Ecken und Kanten zu haben, ist bekanntlich von Vorteil: So geht man nicht im Mainstream unter. Genau diese Tatsache sollte man sich in der Bewerbung zu nutze machen: Zur Bewerbung gehört eine intensive Auseinandersetzung mit dem Arbeitgeber und den Gründen für den Quereinstieg. Statt also die Abfolge der bisherigen Jobs in den Vordergrund zu stellen, gilt es, die übertragbare Fähigkeiten hervorzuheben und die damit verbundenen Erfahrungen und Kenntnisse, die einen in dem neuen Job glänzen lassen. Oder kurz:  Bewerbung und Werbung in eigener Sache gehören zusammen.

Für Ihr Buch haben Sie Gespräche mit erfolgreichen Quereinsteigern geführt. Aus Ihrer Sicht: Was macht den Quereinstieg schwierig und was macht den Quereinstieg auf Dauer erfolgreich?

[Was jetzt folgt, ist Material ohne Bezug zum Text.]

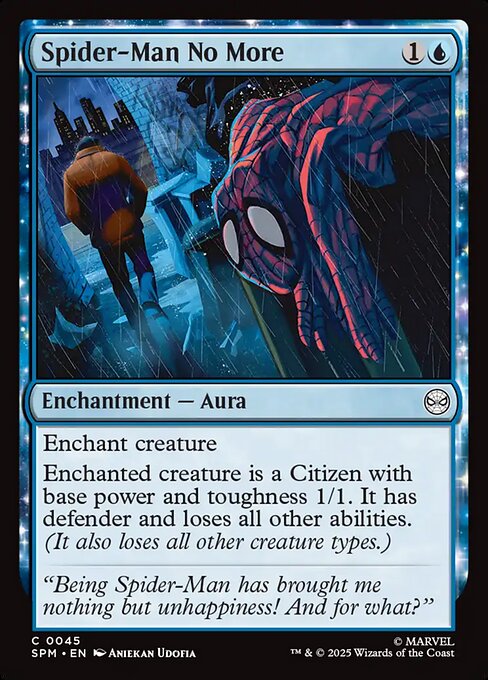 Spider-Man No More — Front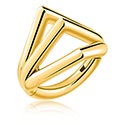 Piercingringar, Multi-purpose clicker (surgical steel, gold, shiny finish), Förgyllt kirurgiskt stål 316L
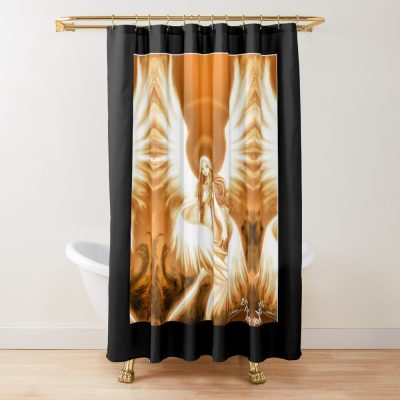 Retro Teresa Claymore Manga Shower Curtain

Nicht nur der Fachkräftemangel und das Altern der Gesellschaft spielen Quereinsteigern in die Karten. Unternehmen in Deutschland, Europa und der Welt entdecken langsam, dass Talente, Kenntnisse und Fähigkeiten bei der Besetzung offener Stellen entscheidend sind – nicht lückenlose Lebensläufe und lebenslange Branchentreue. Die folgenden sieben Key-Learnings zeigten uns die Gespräche mit erfolgreichen Quereinsteigern:

  1. Eine gute Vorbereitung ist die halbe Miete – es gilt den Quereinstieg als eigenständiges Projekt zu verstehen; inklusive Projektplan und Zwischenschritte, die nacheinander abgearbeitet werden.
  2. Geschützte Berufe eignen sich nicht für den Quereinstieg - ein Wechsel vom Metzger zum Chirurgen ist beispielsweise nicht möglich.
  3. Ein erfolgreich realisierter Quereinstieg hat eine erschwerte Rückkehr in den alten Job bzw. die alte Branche zur Folge.
  4. (Initiativ-) Bewerbungen sollten intensiv vorbereitet sein, um dem Personaler eindrucksvoll zu vermitteln, warum man der richtige Kandidat für genau dieses Unternehmen ist und was einen zum Quereinstieg bewegt. Hierbei ist es wichtig die eigenen, individuellen Kompetenzen hinter den bisherigen beruflichen Positionen zu identifizieren und in Bezug zur Stelle bzw. dem Unternehmen zu stellen.
  5. Während der Probezeit gilt es, sich in besonderer Weise engagiert und interessiert zu zeigen, Input aufzusaugen, auf die richtigen Soft Skills zu setzen (z. B. Kommunikationsfähigkeit, Integrität) und sich die notwendigen Hard Skills anzueignen (z. B. Fachkenntnisse, Branchen-Insights).
  6. Wichtig ist, auf seine eigenen Stärken zu vertrauen und sich nicht entmutigen zu lassen, wenn die ersten Bewerbungen im Sande verlaufen - eine Absage ist immer eine Chance, etwas zu lernen oder zu verbessern, um beim nächsten Versuch zu überzeugen. Ein kleiner Tipp: Nicht die allererste Bewerbung an den absoluten Wunscharbeitgeber verschicken, sondern zuerst die Nummer 2 und 3 oder 4 und 5 auf Ihrer Wunschliste kontaktieren. Wenn diese Arbeitgeber überzeugt werden können, so stehen die Chancen für Nummer 1 nicht schlecht.
  7. Networking, Vitamin B, Kontakte: Je mehr berufliche Verbindungen man hat, je mehr man über den Ziel-Job und seine Branche weiß, desto besser. Berufliche Kontakte können Türen zum erfolgreichen Quereinstieg öffnen.